Global warming has many predicted outcomes, some of which we are already witnessing. The rise of ocean levels will drown island nations, or islands generally, and swamp coastal areas. It will cause desertification, with extreme heat making large swathes of the planet uninhabitable. Weather patterns will change, especially the monsoons, and rainfall generally, while extreme weather events will multiply. Agriculture will be severely hit, causing immitigable food shortages, exacerbated by unequal food access between and within nations. We are already there.

But the immediate health crisis is most urgent. It is being caused by many factors, but, as we have seen, air pollution is one of the biggest contributors. Where do we go from here? From the legal point of view, we should make the right to clean air a fundamental and justiciable right. As things stand, 155 countries have signed up to the UN’s Universal Right to a Healthy Environment, which includes the right to clean air. India has enacted the Air Act, 1981. That hasn’t worked, obviously. There is no mechanism to enforce citizens’ right to clean air as part of their right to good health, which could be seen as stemming from the right to life, which undergirds all fundamental rights.

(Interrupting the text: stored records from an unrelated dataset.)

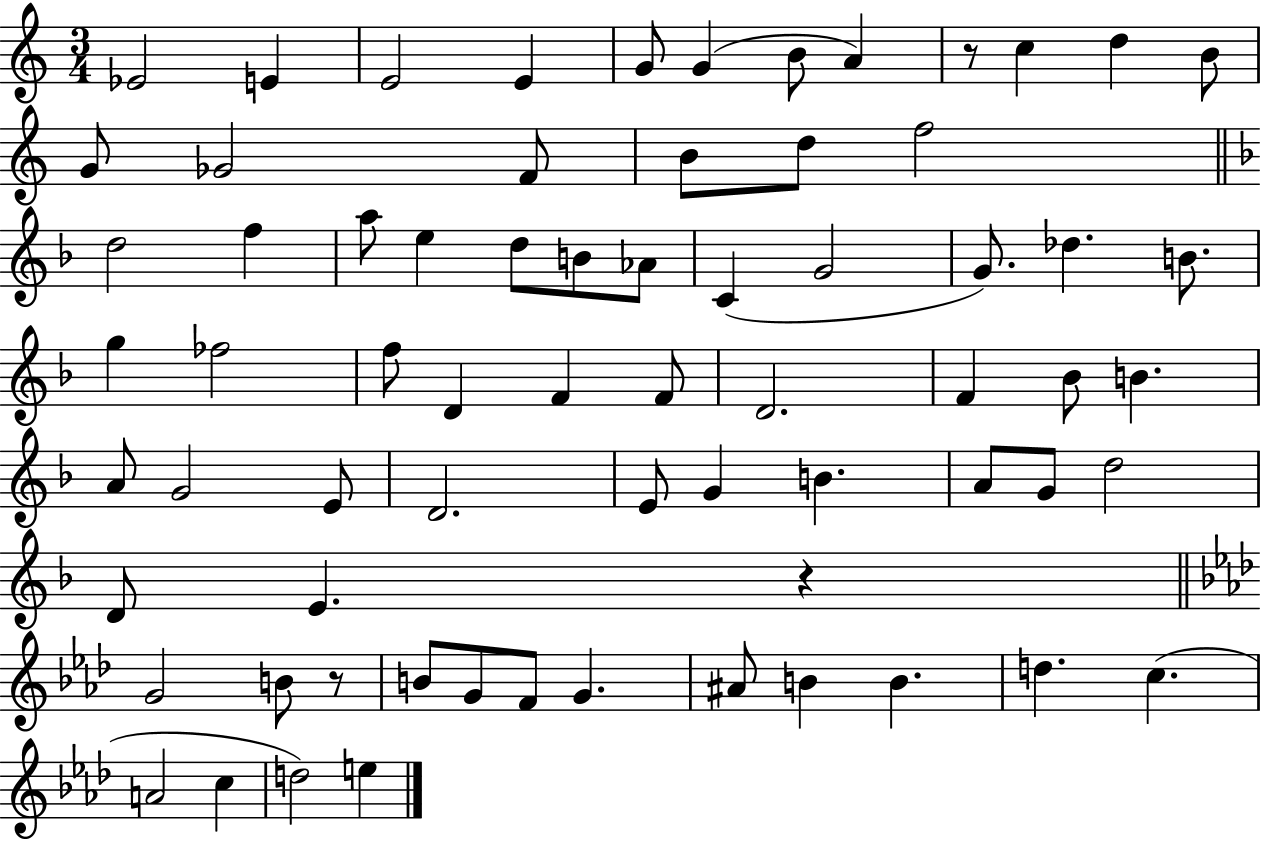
{
  \clef treble
  \numericTimeSignature
  \time 3/4
  \key c \major
  ees'2 e'4 | e'2 e'4 | g'8 g'4( b'8 a'4) | r8 c''4 d''4 b'8 | \break g'8 ges'2 f'8 | b'8 d''8 f''2 | \bar "||" \break \key f \major d''2 f''4 | a''8 e''4 d''8 b'8 aes'8 | c'4( g'2 | g'8.) des''4. b'8. | \break g''4 fes''2 | f''8 d'4 f'4 f'8 | d'2. | f'4 bes'8 b'4. | \break a'8 g'2 e'8 | d'2. | e'8 g'4 b'4. | a'8 g'8 d''2 | \break d'8 e'4. r4 | \bar "||" \break \key aes \major g'2 b'8 r8 | b'8 g'8 f'8 g'4. | ais'8 b'4 b'4. | d''4. c''4.( | \break a'2 c''4 | d''2) e''4 | \bar "|."
} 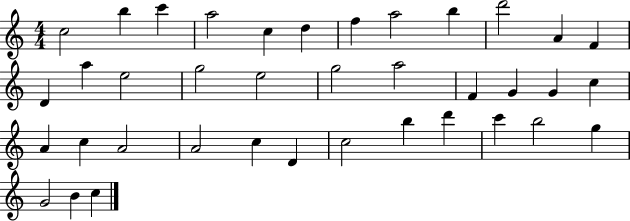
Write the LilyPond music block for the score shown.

{
  \clef treble
  \numericTimeSignature
  \time 4/4
  \key c \major
  c''2 b''4 c'''4 | a''2 c''4 d''4 | f''4 a''2 b''4 | d'''2 a'4 f'4 | \break d'4 a''4 e''2 | g''2 e''2 | g''2 a''2 | f'4 g'4 g'4 c''4 | \break a'4 c''4 a'2 | a'2 c''4 d'4 | c''2 b''4 d'''4 | c'''4 b''2 g''4 | \break g'2 b'4 c''4 | \bar "|."
} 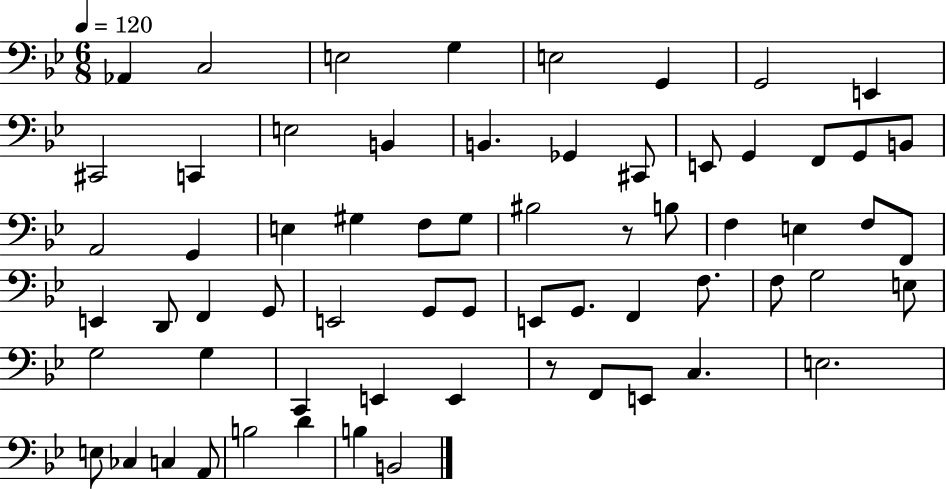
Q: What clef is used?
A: bass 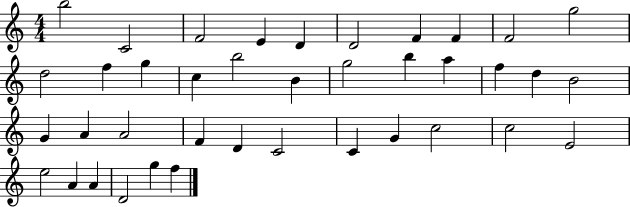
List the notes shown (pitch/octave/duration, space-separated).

B5/h C4/h F4/h E4/q D4/q D4/h F4/q F4/q F4/h G5/h D5/h F5/q G5/q C5/q B5/h B4/q G5/h B5/q A5/q F5/q D5/q B4/h G4/q A4/q A4/h F4/q D4/q C4/h C4/q G4/q C5/h C5/h E4/h E5/h A4/q A4/q D4/h G5/q F5/q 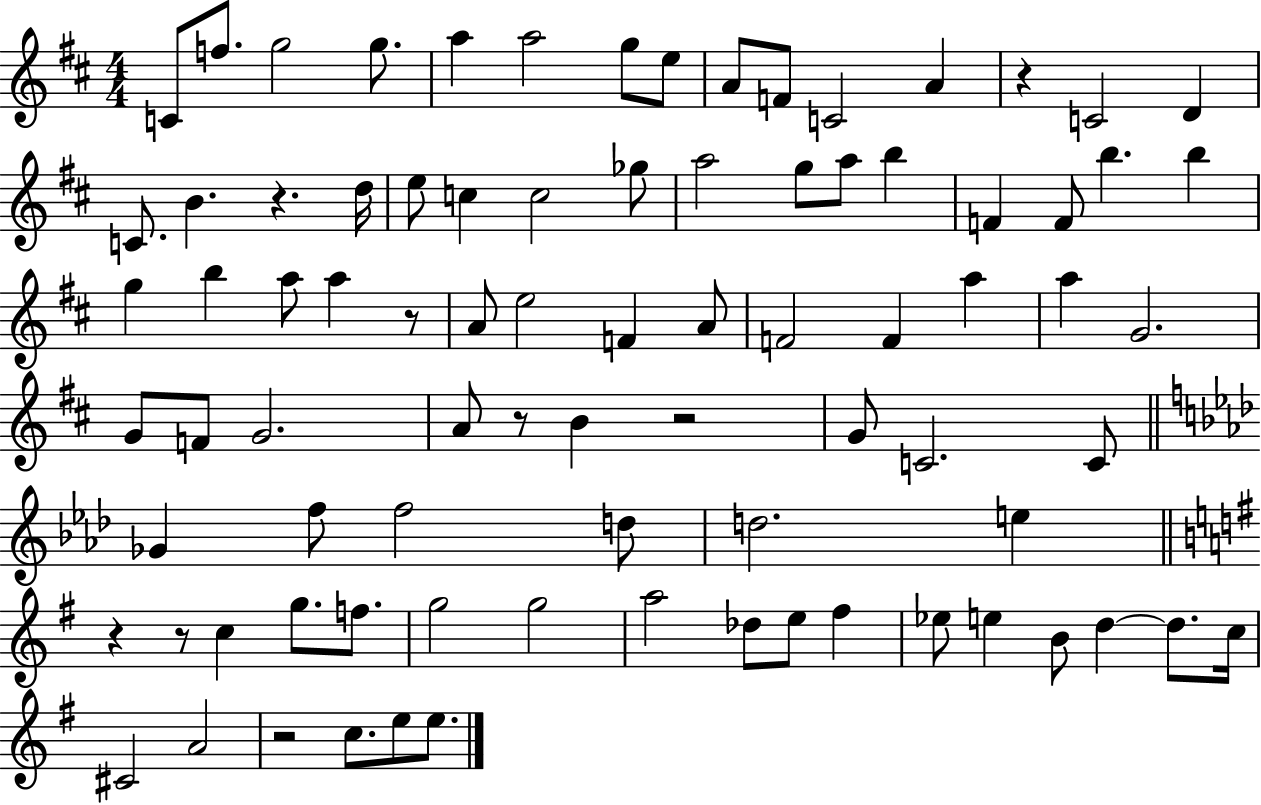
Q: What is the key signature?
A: D major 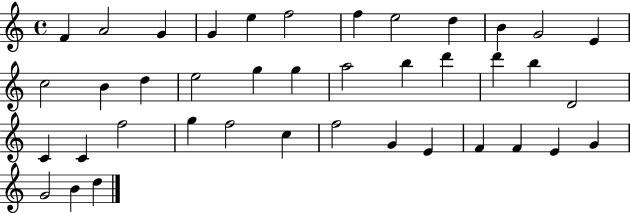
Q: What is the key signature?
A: C major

It could be said that India, like Argentina, Finland, Indonesia and Portugal, has a constitutional provision making the right to clean air a fundamental right—under Article 21, which guarantees the right to ‘enjoy a good and healthy environment’. But that is academic. What is needed is enforcement via a clear statutory framework and permanent infrastructure.

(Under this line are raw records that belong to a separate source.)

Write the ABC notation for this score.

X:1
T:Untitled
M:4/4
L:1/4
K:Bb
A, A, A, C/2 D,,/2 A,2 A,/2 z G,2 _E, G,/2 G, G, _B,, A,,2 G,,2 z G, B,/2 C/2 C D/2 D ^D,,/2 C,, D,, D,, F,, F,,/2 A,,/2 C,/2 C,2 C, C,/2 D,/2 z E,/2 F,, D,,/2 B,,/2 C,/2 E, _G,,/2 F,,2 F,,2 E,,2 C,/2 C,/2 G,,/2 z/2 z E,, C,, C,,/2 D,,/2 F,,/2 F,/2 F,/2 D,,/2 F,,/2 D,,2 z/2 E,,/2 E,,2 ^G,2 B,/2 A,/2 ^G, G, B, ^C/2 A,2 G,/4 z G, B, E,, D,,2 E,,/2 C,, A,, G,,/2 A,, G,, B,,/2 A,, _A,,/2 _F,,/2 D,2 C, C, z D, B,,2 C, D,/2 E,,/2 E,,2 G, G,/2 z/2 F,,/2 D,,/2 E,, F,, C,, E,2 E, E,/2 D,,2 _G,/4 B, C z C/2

It’s not as if popular demand has not resulted in good outcomes. Across the country, judicial enforcement has resulted in a dip in the use of firecrackers, though the situation is fluctuating. The sniff test suggests that pollution via the unrestrained use of firecrackers increased in several cities—Delhi and Kolkata, for instance.

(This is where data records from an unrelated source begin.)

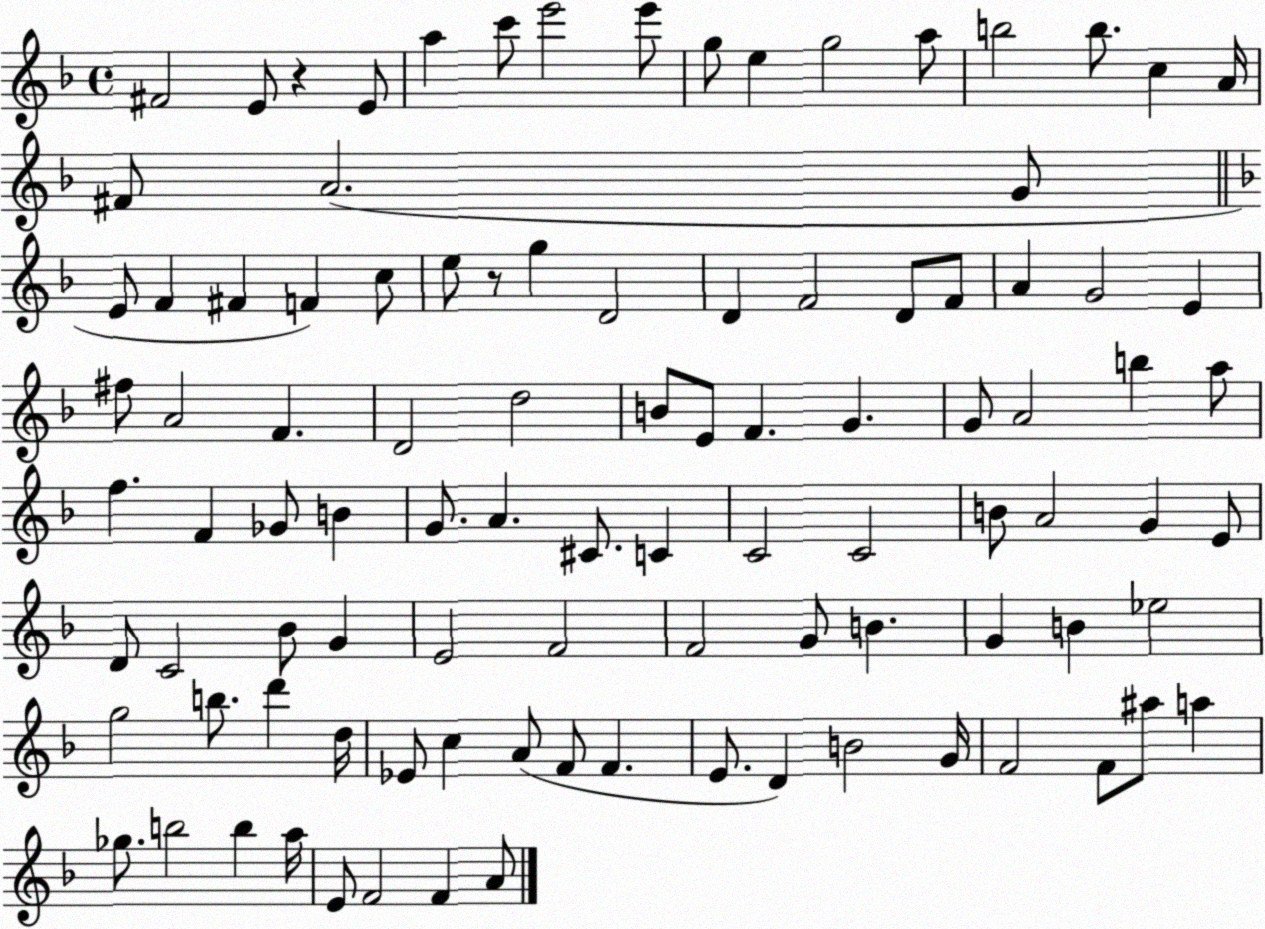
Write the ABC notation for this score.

X:1
T:Untitled
M:4/4
L:1/4
K:F
^F2 E/2 z E/2 a c'/2 e'2 e'/2 g/2 e g2 a/2 b2 b/2 c A/4 ^F/2 A2 G/2 E/2 F ^F F c/2 e/2 z/2 g D2 D F2 D/2 F/2 A G2 E ^f/2 A2 F D2 d2 B/2 E/2 F G G/2 A2 b a/2 f F _G/2 B G/2 A ^C/2 C C2 C2 B/2 A2 G E/2 D/2 C2 _B/2 G E2 F2 F2 G/2 B G B _e2 g2 b/2 d' d/4 _E/2 c A/2 F/2 F E/2 D B2 G/4 F2 F/2 ^a/2 a _g/2 b2 b a/4 E/2 F2 F A/2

Possibly, the biggest win came in 1998, when the Supreme Court ordered the switch to CNG for Delhi’s public transport fleet. It was implemented beginning 2001 and many cities followed, switching from highly polluting diesel to clean fuel like CNG and LPG. There was an almost immediate and observable improvement in air quality. But the gains were lost as the city’s fleet of vehicles continued to increase at an unsustainable rate. What could have worked was a simultaneous policy to discourage the use of private vehicles. For that disincentives, say fiscal, and incentives, like a huge improvement in the public transport system, should have been put in place.

The problem is that we are always playing catch-up in the absence of a long-term and holistic policy broken down to localities. Thus, the huge success of metro rail services in metropolitan cities has failed to contain either congestion or pollution. And transport is just one of the problems.

The shift to electric vehicles (EVs) demonstrates the need for holism and decentralisation. EVs can surely depollute cities, but, overall, what do they achieve? In 2024-25, almost 75 per cent of electricity was produced from fossil fuels. In other words, while cities became cleaner, other places continue to be polluted.

Given the human (and economic) costs of pollution, mitigation must proceed on mission mode.

Suhit K Sen is a historian, author and freelance journalist.